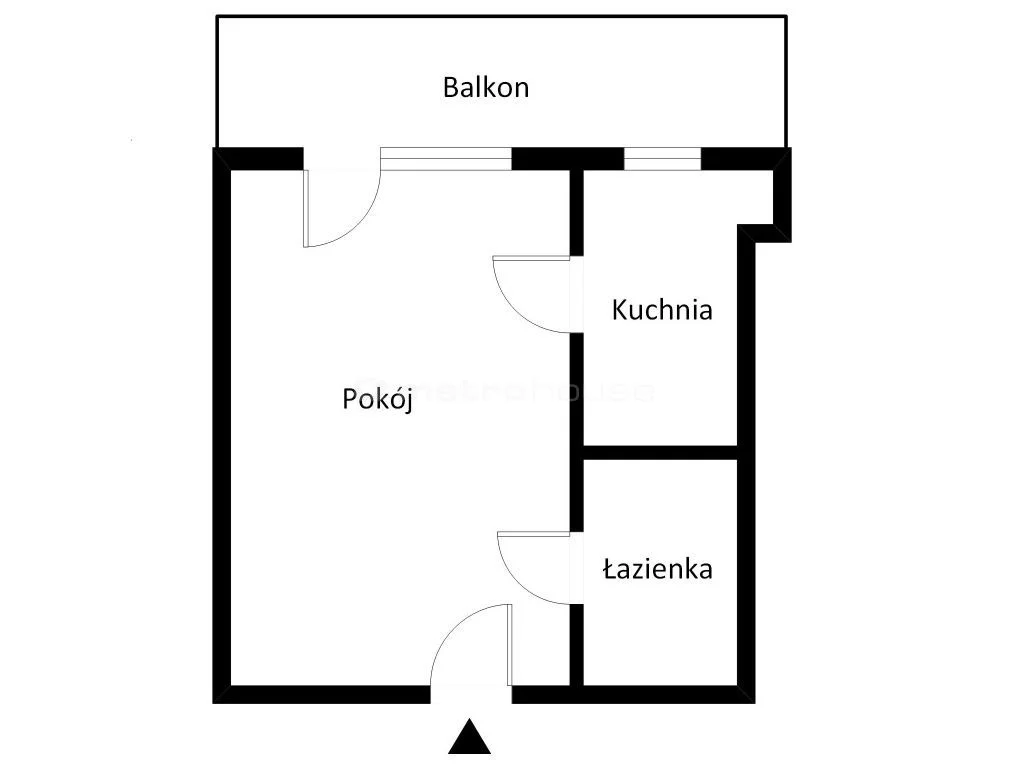 1 pokój, mieszkanie 31,03 m², piętro 4, oferta nr , GAJO114, Grodzisk Mazowiecki, Bairda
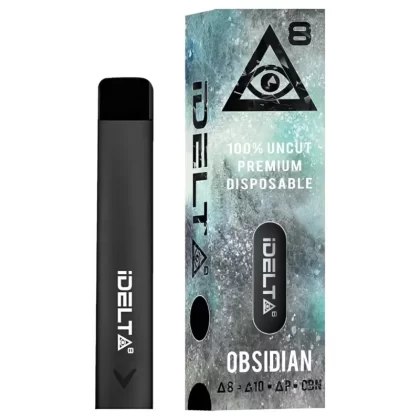 iDELTA8 Obsidian Blend Disposable | Delta 8 | THCP | Delta10 | CBN - Obs-615021; Blackberry Kush, Blue Dream; Silver - 30mg THC-P, Gold - 70mg THC-P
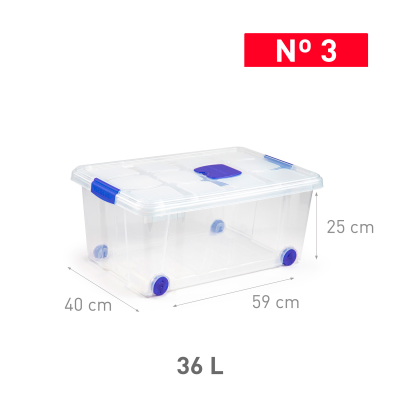 Plasticforte Cx Multiusos Nº3 36L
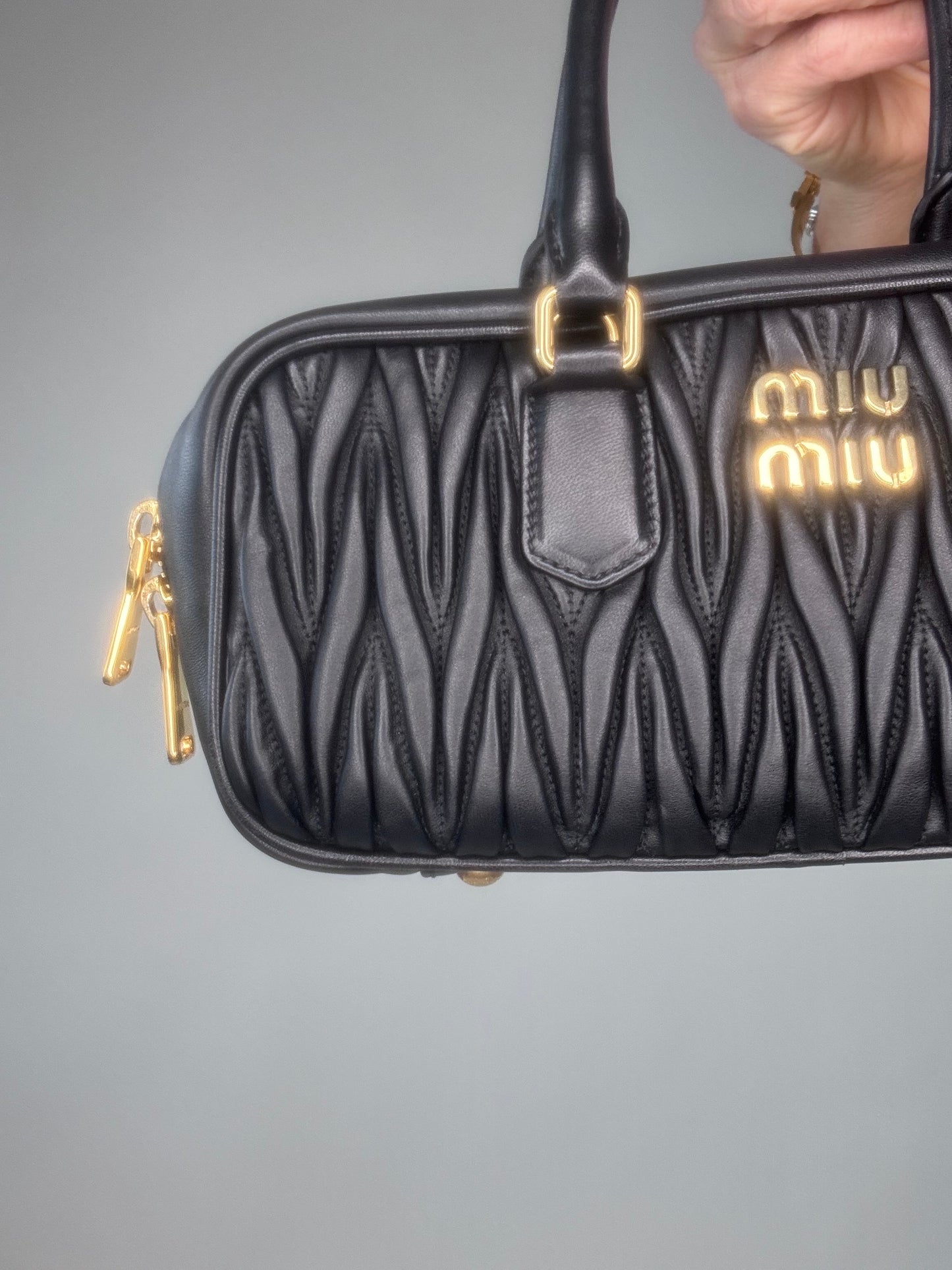 Miu Miu Arcadie Black Leather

Task brief » Please reproduce the listing exactly, leaving out any pictures.

Reply to the task »
 1 pokój, mieszkanie 31,03 m², piętro 4, oferta nr , GAJO114, Grodzisk Mazowiecki, Bairda
 iDELTA8 Obsidian Blend Disposable | Delta 8 | THCP | Delta10 | CBN - Obs-615021; Blackberry Kush, Blue Dream; Silver - 30mg THC-P, Gold - 70mg THC-P
 Plasticforte Cx Multiusos Nº3 36L
 Miu Miu Arcadie Black Leather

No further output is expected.